Electronic – STM32F7 device freeze: cannot access registers

cdebuggingembeddedmicrocontrollerstm32f7

I am encountering random freezes with the STM32F7. This issue is difficult to debug as any debug session launched in Eclipse crashes when trying to halt the core, which makes it impossible to see where in the code the freeze occured.

Similarly, I am not able to access the device registers to inspect the program counter, the stack pointer and the IPSR, either via the eclipse debug session or using the ST-Link Utility software (the device resets when connecting and the state is lost).

I would appreciate any information on how to extract the device state when frozen, or whether any states can be recovered after a reset. Also if this situation sounds familiar to anyone, please let me know if you found a root cause. I am available to answer any questions and provide more detail.

additional details

(a) The hardware – I'm afraid I can't give you too much info here, it's a custom proprietary design.

(b) The history – This freeze issue has only become a problem recently. When I retested our older code however, the issue was seen, albeit less frequently (I think). I have been reverting bits of code to see if the issue still occurs. The issue is that I have no logs or debugging capabilities when the device freezes, so I cannot pinpoint where the code is failing.

The issue occurs infrequently, so it is difficult to say whether or not a change has had any effect.

(c) I haven't tried reducing the (system?) clock speed, and I will retest the device more thoroughly with different connections removed.

(d) Failure rate is roughly 1 failure per device per day, but it is difficult to quantify any improvement/regression (device is running all day).

(e) You ask about capturing data after a reset, but you report the problem is the MCU "freezing", not that it is resetting. I guess (but it isn't clear) that the problem is always that the MCU freezes. It's you who can perform a manual reset, and you are asking whether any useful info can be captured after manual reset. Is that correct?

Correct. Retrieving info during the freeze would be even better though.

Debug steps

(i) This problem is not reproducible with a test despite my best efforts.

(ii) what you are doing after that e.g. are you performing a manual reset?
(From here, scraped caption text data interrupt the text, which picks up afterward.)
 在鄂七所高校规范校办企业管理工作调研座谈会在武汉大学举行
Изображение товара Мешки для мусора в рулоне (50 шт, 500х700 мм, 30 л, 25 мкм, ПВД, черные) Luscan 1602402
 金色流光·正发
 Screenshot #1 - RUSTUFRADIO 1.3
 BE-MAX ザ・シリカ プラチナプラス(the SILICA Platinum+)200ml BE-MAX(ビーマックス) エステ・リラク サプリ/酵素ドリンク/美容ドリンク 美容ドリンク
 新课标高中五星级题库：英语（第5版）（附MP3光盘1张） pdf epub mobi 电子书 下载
Trying to read the registers, pinpoint where the code hung.

Best Answer

If the debugger is locked out, assuming power/clocking is OK, then the most likely outcome is a internal bus deadlock. As an example, if you have external XIP EEPROM and you have mis-configured the device, the peripheral could hang when you hit specific address/data patterns.

You may still be able to read RAM information after reset (or add some tracing to dump something to RAM). The core architectural registers are not reset (unless you have a high-reliability safety specific part), so if you put a B self in the reset handler (assuming the debugger 'halt after reset' doesn't work) then your old state should be preserved.
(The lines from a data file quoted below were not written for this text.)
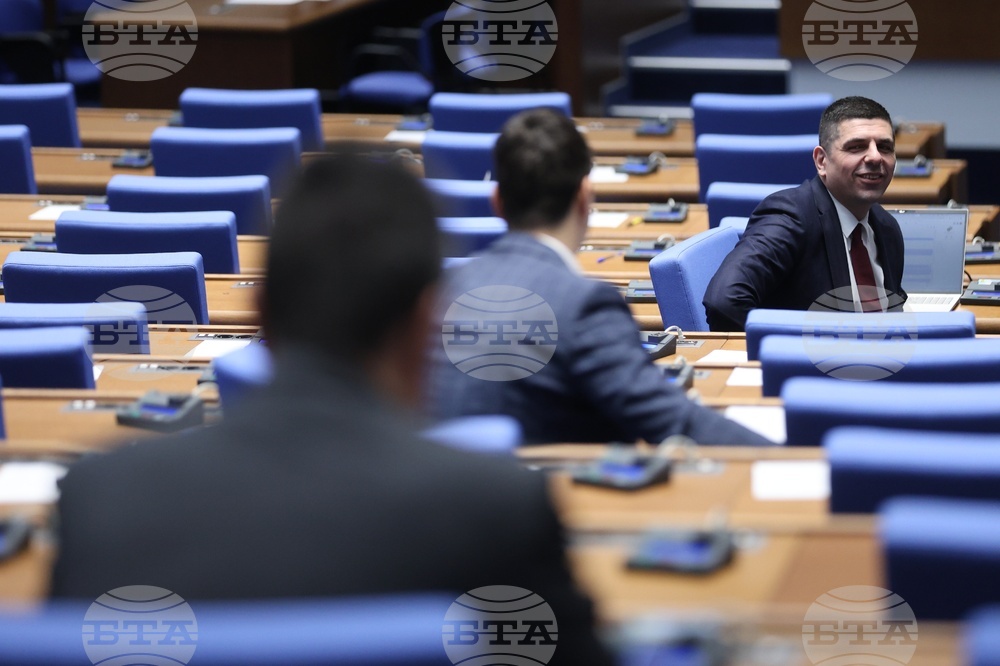 Народно събрание - заседание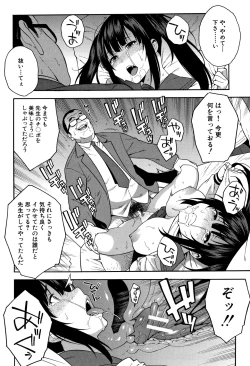 Page 57 of Boku no Kanojo o Netotte Kudasai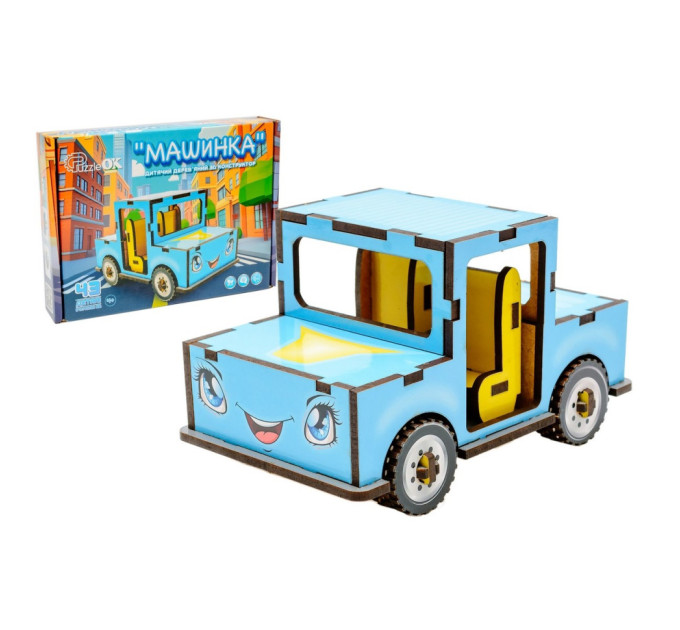 Дитячий дерев'яний 3D конструктор "Машинка" Puz-00930, 43 деталі
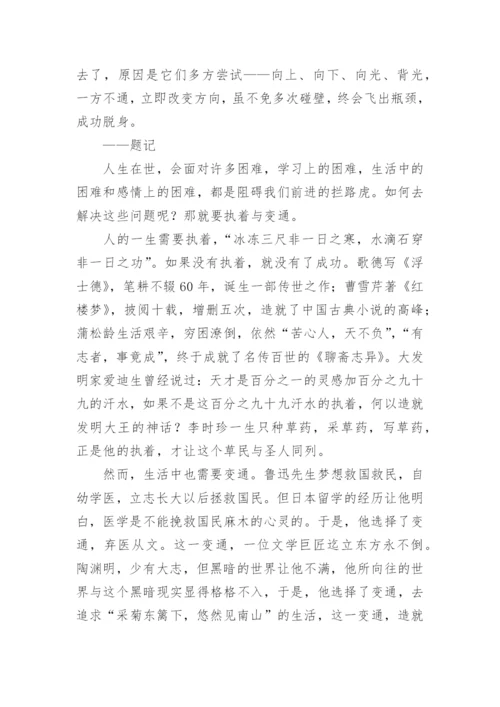 变通的议论文最新精编.docx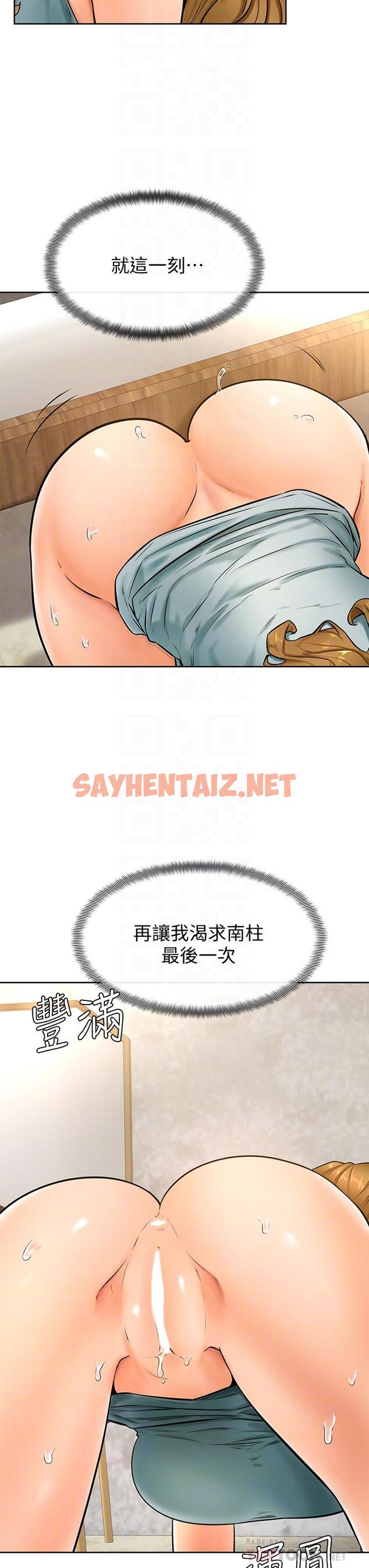 查看漫画學弟,甘巴爹捏 - 第24話-想被粗暴對待的愛亞 - sayhentaiz.net中的886992图片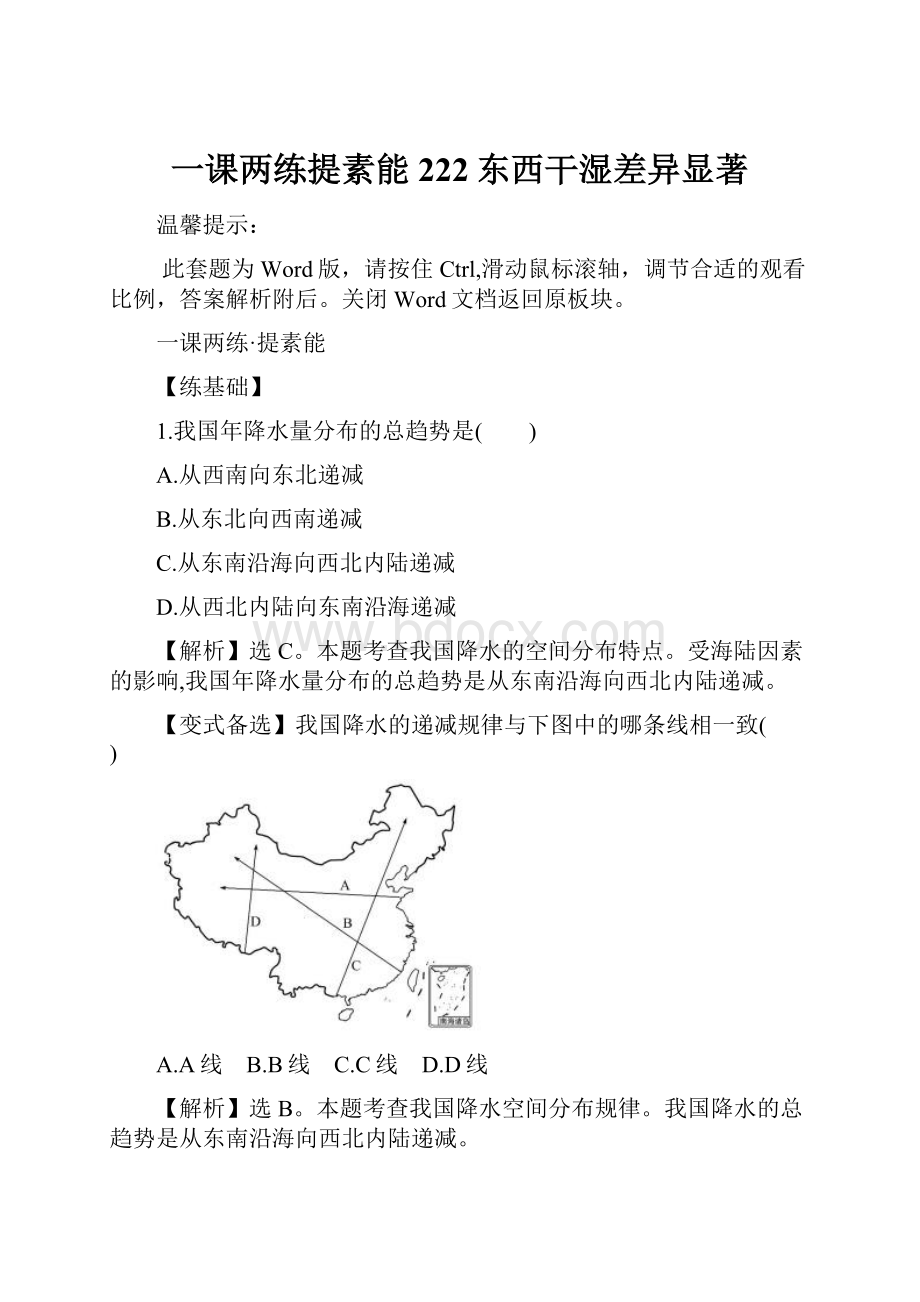 一课两练提素能 222东西干湿差异显著.docx_第1页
You can use ETM trace to capture realtime trace, and if you capture trace into the ETB you can just read this out after reset (again, it should be persistent) without needing a probe (but maybe the buffer pointer will be lost, so you might need to manually process the trace). ETM trace will show branches (addresses for any indirect branch) and exceptions (including lockup) - so you should get a reasonably accurate indication of what the last thing was. Speficically, the trace is just 'watching' the core, so it sees instruction retire without being affected by the bus activity. The DWT might give something useful too - depending on what actually fails.

As referenced in one of the comments, at least using MDK, you are able to attach to a 'hot' running target (without reset/halt, without code download), since the debug port is a completely asynchronous bus master embedded in the core. This gives you the ability to probe memory state on a long uptime device (but not core registers) with minimal intrusion, and this might be valuable to confirm a diagnosis. You could even script up a regular polling of memory locations if this is relevant.

Finally, since the debug port 'acts like the core', you are able to mimic quite a lot of bus deadlock failures by just using the debugger memory window.